Copy exactly the line containing "Κέντρου της Ενορίας" and all the lines that follow it to the end of the records, minus the pictures.
═══ Data extracts ═══
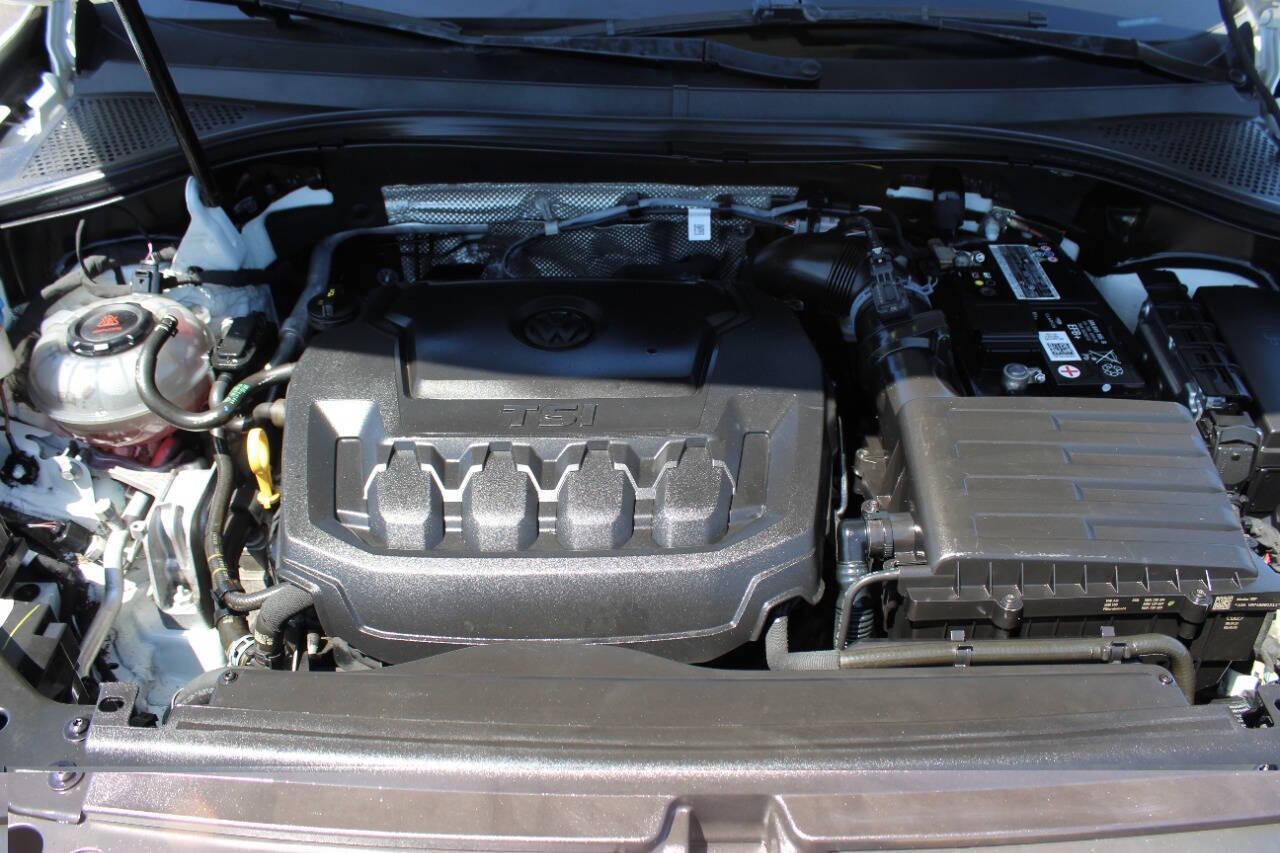 2022 White Volkswagen Tiguan S (3VV1B7AXXNM) with an 2.0L L4 DOHC 16V TURBO engine, 8A transmission, located at 4301 NW 39th , Oklahoma City, OK, 73112, (405) 949-5600, 35.512135, -97.598671 - NO DRIVERS LICENCE -NO FULL COVERAGE INSURANCE - NO CREDIT CHECK. COME ON OVER TO SUPERSPORTS, TAKE A LOOK AND TEST DRIVE. PLEASE GIVE US A CALL AT (405) 949-5600. NO LICENCIA DE CONDUCIR - NO SEGURO DE COBERTURA TOTAL - NO VERIFICACION DE CREDITO. VISITENOS EN SUPERSPORTS, MIRE NUESTRO - Photo#7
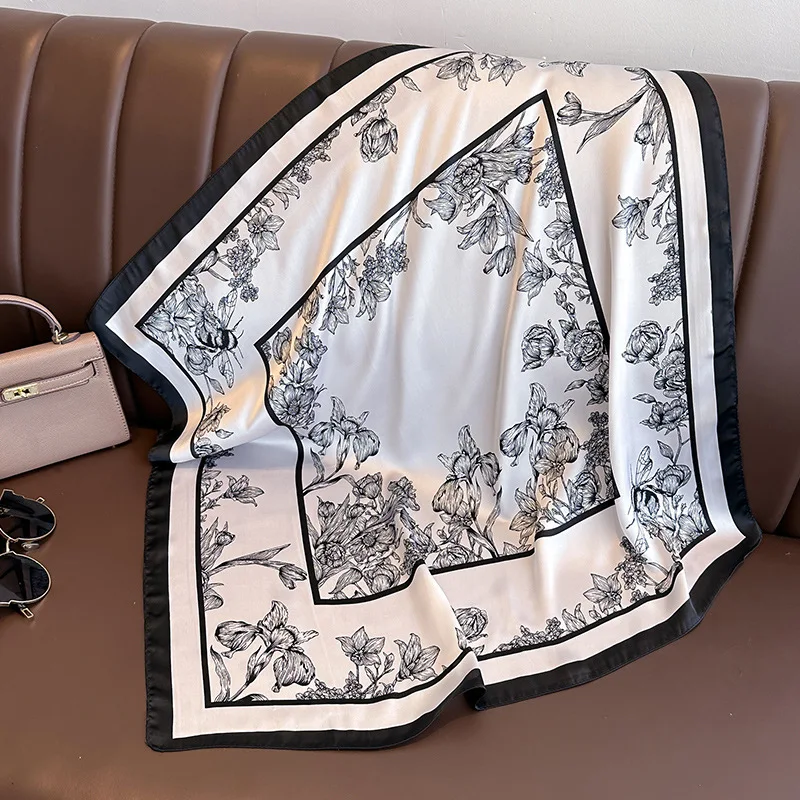 70*70Cm Luxe Bloemenprint Zijd - Discount Luxury Bags recensie en prijs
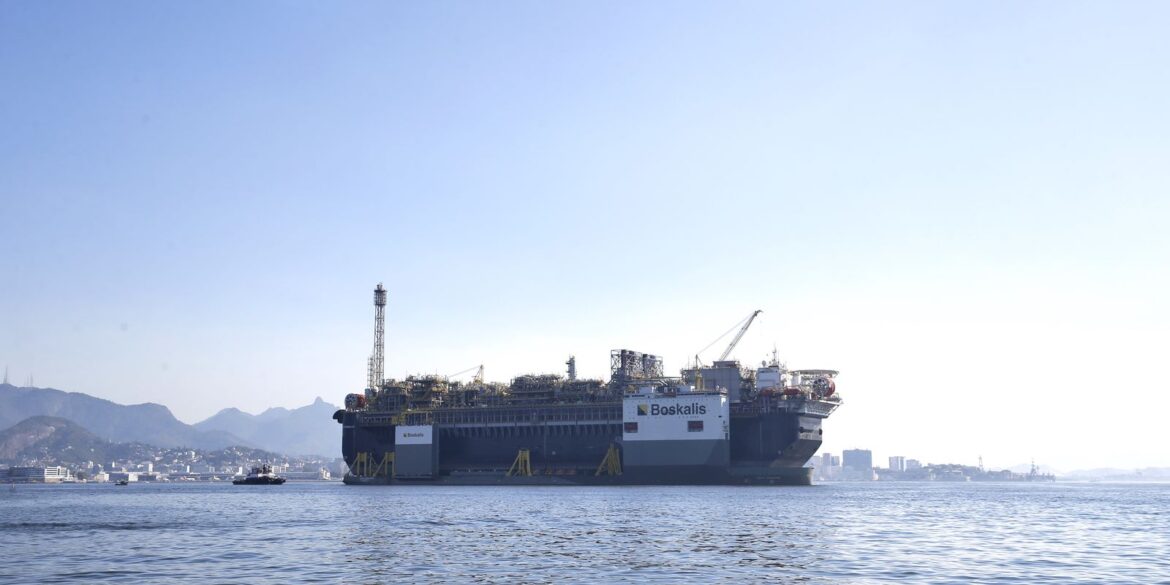 leilao-de-pre-sal-vende-5-dos-7-blocos-ofertados;-agio-chega-a-251,63%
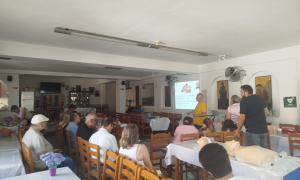 Με επιτυχία πραγματοποιήθηκε το Σεμινάριο Βασικής Υποστήριξης της Ζωής στην Πρασσά από τον Δήμο ΗρακλείουΜε θερμή ανταπόκριση από τους πολίτες ολοκληρώθηκε την
Κυριακή 7 Ιουνίου 2026 το σεμινάριο πρώτων βοηθειών με τίτλο «Βασική Υποστήριξη της Ζωής». Η δράση
διοργανώθηκε από την Αντιδημαρχία
Εθελοντισμού του Δήμου Ηρακλείου,  σε συνεργασία με την εθελοντική ομάδα «Φίλοι Ιατρικών Θεραπευτικών Εγχύσεων –
Μέλισσες-Bees» και τον Πολιτιστικό
και Οικολογικό Σύλλογο’’ Πρασσά’’, στον φιλόξενο χώρο του Πνευματικού
Κέντρου της Ενορίας Πρασσάς (Ευαγγελισμός της Παναγίας).
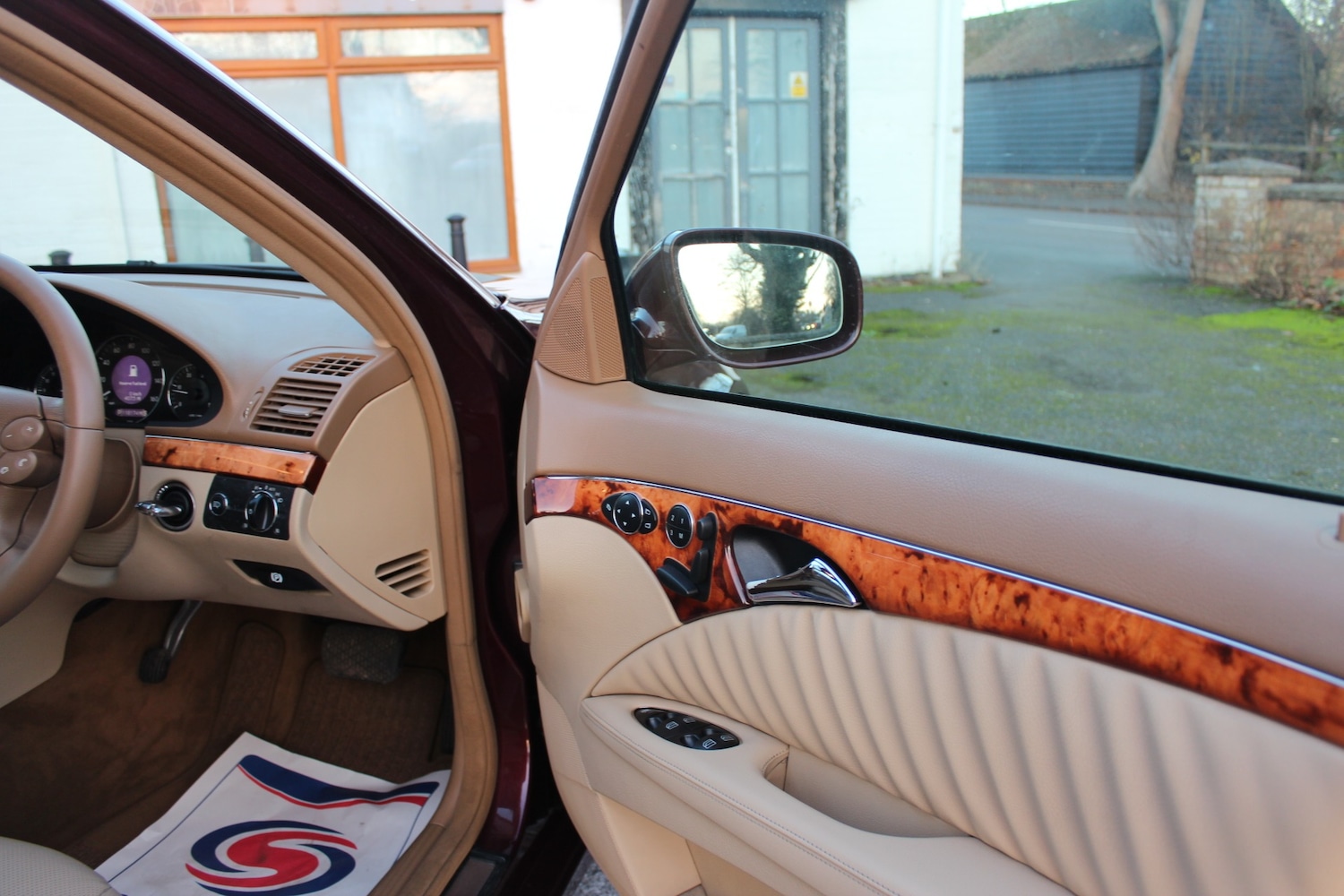 Used Mercedes-Benz E Class 2007 for sale - 76948274: Photo 24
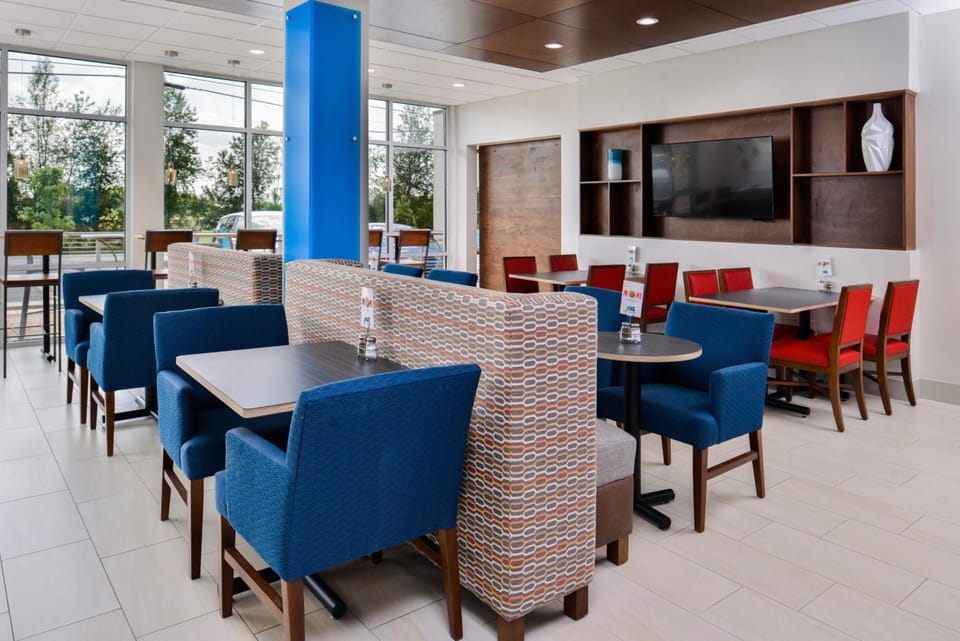 Holiday Inn Express & Suites - Siloam Springs By IHG Hotel in Siloam Springs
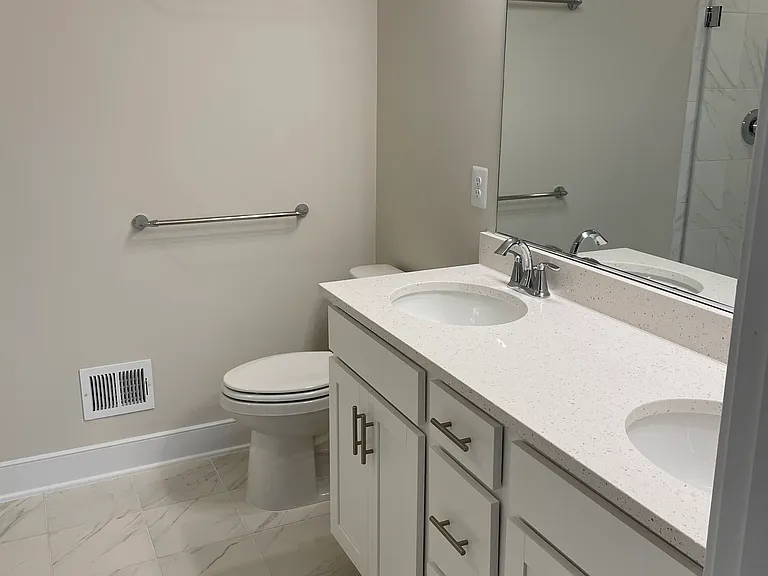 1217 Rockwell Ave — Photo 3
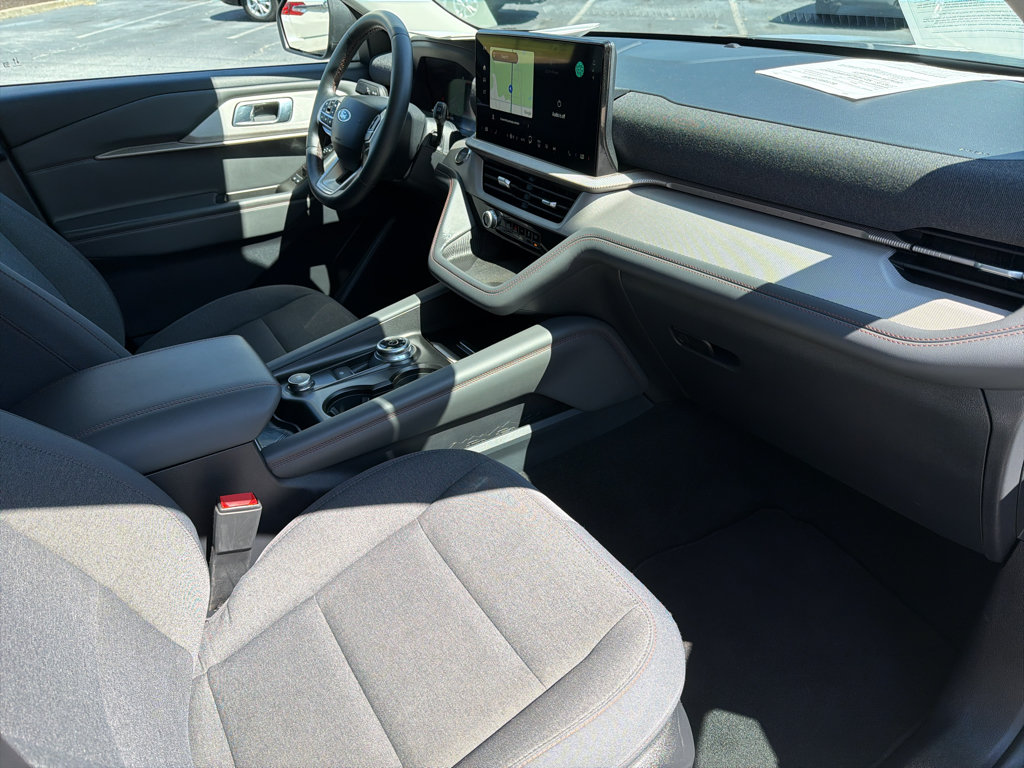 Used 2025 Ford Explorer Active RWD image 21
═══
• Written answer:
Κέντρου της Ενορίας Πρασσάς (Ευαγγελισμός της Παναγίας).
 Used Mercedes-Benz E Class 2007 for sale - 76948274: Photo 24
 Holiday Inn Express & Suites - Siloam Springs By IHG Hotel in Siloam Springs
 1217 Rockwell Ave — Photo 3
 Used 2025 Ford Explorer Active RWD image 21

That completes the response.